The evidence indicates that helmets in American football and ice hockey are successful in preventing severe head injury—for example, skull fractures—but that their role in preventing mild injury such as concussion is unclear. To date no study has reported on a helmet that is effective in preventing concussion.
A wide range of head and neck injury risks are present in sport. There have been few studies of injury prevention methods. One reason for this may be that interventions have been introduced as a rapid response to an acknowledged problem, and, in some cases, rule changes or mandatory wearing of helmets has meant that control groups no longer exist.
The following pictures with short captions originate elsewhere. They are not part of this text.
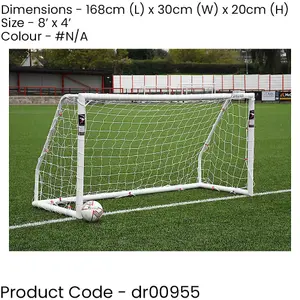 8 x 4 Feet Match Approved Football Goal Posts & Net - All Weather Outdoor Rated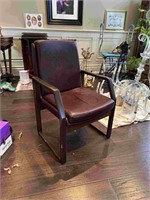 Soft Leather and Wood Arm Chair -Brown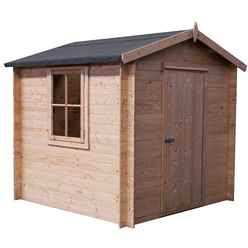 2.7m x 2.7m Premier Apex Log Cabin With Single Door and Opening Window + Free Floor & Felt (19mm) 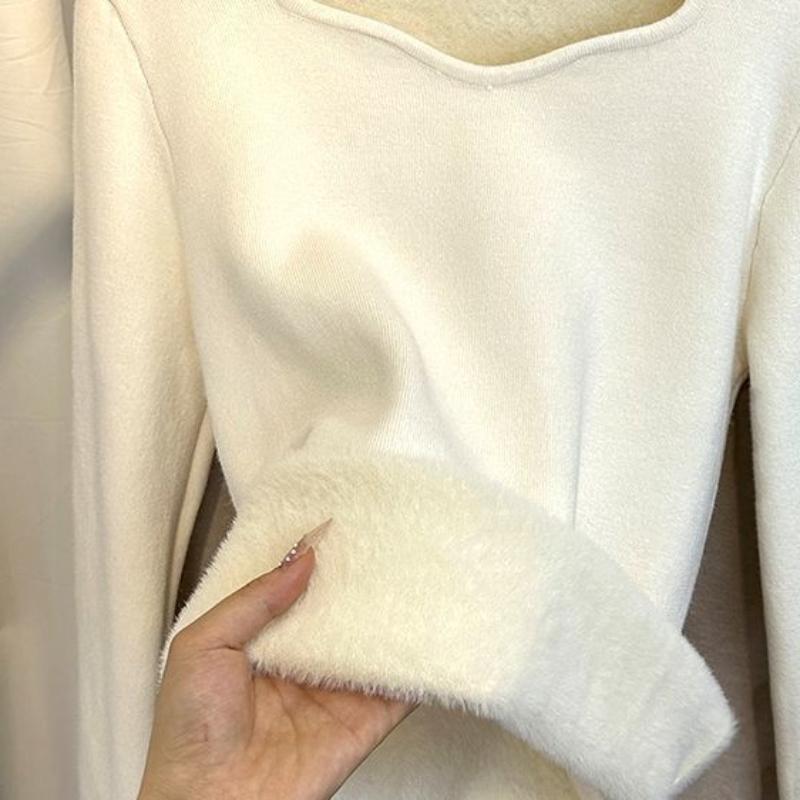 Podzimní a zimní vše v jednom teplé sametové spodní prádlo pro ženy se čtvercovým výstřihem, zesílený hřejivý a plyšový spodní díl, svetr, top slim fit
Helmets and other devices have been shown to reduce the risk of serious head and facial injury, but current designs appear to make little difference to concussion. Neck injury has been addressed through laws and skill development, with little formal evaluation. Research methods involving epidemiological, medical, and human factors are required in combination with biomechanical and technological approaches to reduce further injury risks in sport.
What this study adds
This study provides an integrated analysis of the range of methods available to prevent head and neck injury in sport.